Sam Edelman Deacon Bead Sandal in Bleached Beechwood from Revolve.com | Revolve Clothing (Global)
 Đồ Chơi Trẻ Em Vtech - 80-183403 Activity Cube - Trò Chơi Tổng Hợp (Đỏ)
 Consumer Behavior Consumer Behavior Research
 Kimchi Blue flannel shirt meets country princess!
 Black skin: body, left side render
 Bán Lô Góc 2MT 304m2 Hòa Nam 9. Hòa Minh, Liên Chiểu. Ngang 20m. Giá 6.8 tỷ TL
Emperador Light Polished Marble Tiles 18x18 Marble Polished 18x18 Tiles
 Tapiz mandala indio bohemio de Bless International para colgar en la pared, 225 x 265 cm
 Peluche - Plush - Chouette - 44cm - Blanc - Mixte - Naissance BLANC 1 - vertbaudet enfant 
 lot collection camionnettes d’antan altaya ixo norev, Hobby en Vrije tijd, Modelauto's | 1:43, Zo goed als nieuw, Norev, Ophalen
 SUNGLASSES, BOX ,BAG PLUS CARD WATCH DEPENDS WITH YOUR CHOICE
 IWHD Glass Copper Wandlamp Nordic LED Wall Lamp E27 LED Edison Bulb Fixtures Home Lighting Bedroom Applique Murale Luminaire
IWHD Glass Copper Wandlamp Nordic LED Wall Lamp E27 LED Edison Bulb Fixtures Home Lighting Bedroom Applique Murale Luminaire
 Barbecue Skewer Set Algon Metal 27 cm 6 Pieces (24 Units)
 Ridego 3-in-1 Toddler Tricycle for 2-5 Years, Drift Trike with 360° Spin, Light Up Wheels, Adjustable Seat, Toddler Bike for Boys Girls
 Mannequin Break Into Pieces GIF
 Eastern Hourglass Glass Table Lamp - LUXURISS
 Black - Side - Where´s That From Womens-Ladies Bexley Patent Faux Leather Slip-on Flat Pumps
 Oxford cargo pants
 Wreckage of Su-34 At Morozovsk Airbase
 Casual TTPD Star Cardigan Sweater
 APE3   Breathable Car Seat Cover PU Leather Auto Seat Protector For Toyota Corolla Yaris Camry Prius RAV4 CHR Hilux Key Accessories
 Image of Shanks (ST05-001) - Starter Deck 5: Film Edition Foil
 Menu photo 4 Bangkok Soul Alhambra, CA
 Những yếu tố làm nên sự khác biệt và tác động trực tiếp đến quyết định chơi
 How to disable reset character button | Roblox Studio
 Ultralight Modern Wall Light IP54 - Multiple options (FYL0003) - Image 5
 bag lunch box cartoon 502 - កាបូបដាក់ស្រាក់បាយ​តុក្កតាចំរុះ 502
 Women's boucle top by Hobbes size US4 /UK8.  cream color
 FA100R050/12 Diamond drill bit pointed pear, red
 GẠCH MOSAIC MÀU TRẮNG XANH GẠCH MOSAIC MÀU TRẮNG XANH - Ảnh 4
====
Work to complete: Transcribe every line of the records exactly, please.

Exercise output:
Sam Edelman Deacon Bead Sandal in Bleached Beechwood from Revolve.com | Revolve Clothing (Global)
 Đồ Chơi Trẻ Em Vtech - 80-183403 Activity Cube - Trò Chơi Tổng Hợp (Đỏ)
 Consumer Behavior Consumer Behavior Research
 Kimchi Blue flannel shirt meets country princess!
 Black skin: body, left side render
 Bán Lô Góc 2MT 304m2 Hòa Nam 9. Hòa Minh, Liên Chiểu. Ngang 20m. Giá 6.8 tỷ TL
Emperador Light Polished Marble Tiles 18x18 Marble Polished 18x18 Tiles
 Tapiz mandala indio bohemio de Bless International para colgar en la pared, 225 x 265 cm
 Peluche - Plush - Chouette - 44cm - Blanc - Mixte - Naissance BLANC 1 - vertbaudet enfant 
 lot collection camionnettes d’antan altaya ixo norev, Hobby en Vrije tijd, Modelauto's | 1:43, Zo goed als nieuw, Norev, Ophalen
 SUNGLASSES, BOX ,BAG PLUS CARD WATCH DEPENDS WITH YOUR CHOICE
 IWHD Glass Copper Wandlamp Nordic LED Wall Lamp E27 LED Edison Bulb Fixtures Home Lighting Bedroom Applique Murale Luminaire
IWHD Glass Copper Wandlamp Nordic LED Wall Lamp E27 LED Edison Bulb Fixtures Home Lighting Bedroom Applique Murale Luminaire
 Barbecue Skewer Set Algon Metal 27 cm 6 Pieces (24 Units)
 Ridego 3-in-1 Toddler Tricycle for 2-5 Years, Drift Trike with 360° Spin, Light Up Wheels, Adjustable Seat, Toddler Bike for Boys Girls
 Mannequin Break Into Pieces GIF
 Eastern Hourglass Glass Table Lamp - LUXURISS
 Black - Side - Where´s That From Womens-Ladies Bexley Patent Faux Leather Slip-on Flat Pumps
 Oxford cargo pants
 Wreckage of Su-34 At Morozovsk Airbase
 Casual TTPD Star Cardigan Sweater
 APE3   Breathable Car Seat Cover PU Leather Auto Seat Protector For Toyota Corolla Yaris Camry Prius RAV4 CHR Hilux Key Accessories
 Image of Shanks (ST05-001) - Starter Deck 5: Film Edition Foil
 Menu photo 4 Bangkok Soul Alhambra, CA
 Những yếu tố làm nên sự khác biệt và tác động trực tiếp đến quyết định chơi
 How to disable reset character button | Roblox Studio
 Ultralight Modern Wall Light IP54 - Multiple options (FYL0003) - Image 5
 bag lunch box cartoon 502 - កាបូបដាក់ស្រាក់បាយ​តុក្កតាចំរុះ 502
 Women's boucle top by Hobbes size US4 /UK8.  cream color
 FA100R050/12 Diamond drill bit pointed pear, red
 GẠCH MOSAIC MÀU TRẮNG XANH GẠCH MOSAIC MÀU TRẮNG XANH - Ảnh 4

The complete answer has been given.